4.10       Insurance. Schedule 4.10 lists and describes (including, without limitation, the nature of coverage, limits, deductibles, premiums and the loss experience with respect to each type of coverage) all policies of insurance maintained by the Company with respect to product recalls and product liability claims related to Company (the “Insurance Policies”). Such Insurance Policies are valid, outstanding and enforceable in accordance with their terms and all premiums due thereon have been paid. Schedule 4.10 sets forth a summary of information pertaining to all claims made by the Company at any time within the past three (3) years under any Insurance Policy, and all claims which are currently pending under any Insurance Policy. Except as set forth on Schedule 4.10, all of such claims have been satisfied or are being defended by an insurance carrier.

 

 

4.11       Confidentiality.

 

(a)       Seller hereby agrees that it shall: (i) treat all Confidential Information in a confidential manner; (ii) take all precautions with the Confidential Information that it takes with its own confidential information, which, at a minimum, shall be taking all steps reasonably necessary to insure the maintenance of confidentiality; (iii) not use any of the Confidential Information for its own or a third party’s benefit; (iv) keep strictly confidential the terms of this Agreement and the related documents and (v) not communicate or disclose, orally or in writing, any of the Confidential Information to any person, either directly or indirectly, under any circumstances without the prior written consent of Buyer.
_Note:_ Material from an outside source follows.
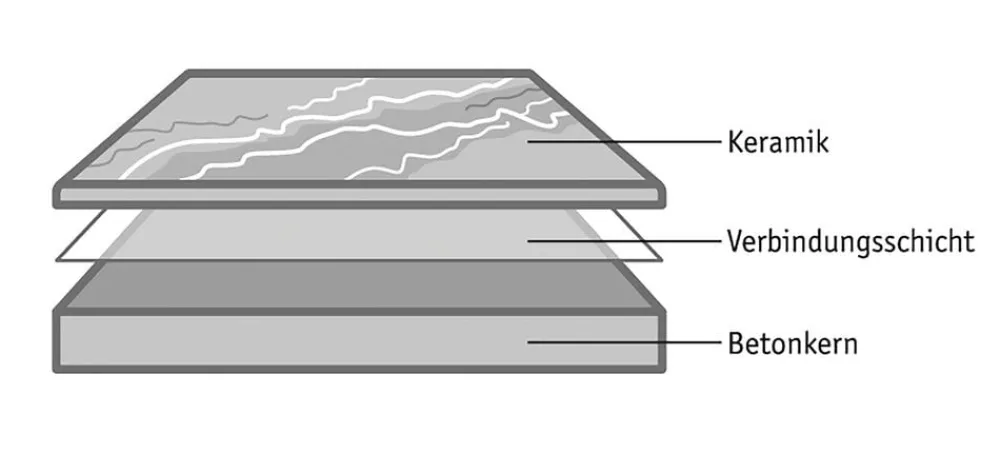 DIEPHAUS Steine & Terrassenplatten > Terrassenplatte CERATIO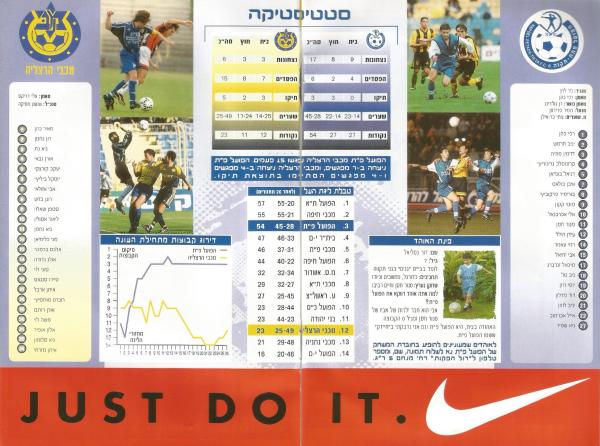 מתוך תוכניית המשחק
As used in this Agreement, the term “Confidential Information” shall mean all information, data, studies, forecasts, compilations, reports, interpretations, records, statements, documents, notes, intellectual property, processes, ideas, techniques, methods, products, services, research, development, distribution, purchasing, marketing, selling, customers, suppliers or trade secrets (whether oral, written or electronic) related to Buyer, the Company, or the purchased Shares. Additionally, all information which Seller has a reasonable basis to believe to be Confidential Information, or which Seller has a reasonable basis to believe Buyer treats as Confidential Information, shall be deemed to be Confidential Information. Notwithstanding the foregoing, information shall not be deemed to be Confidential Information if it is generally known and publicly available, without the fault of Seller. Notwithstanding the foregoing, Seller may use Confidential Information to the extent necessary to create financial statements for the pre-Closing periods, distribute such financial information to Seller’s directors, officer, stockholders, and professional advisors, and complete and file any tax returns that require the use of such Confidential Information.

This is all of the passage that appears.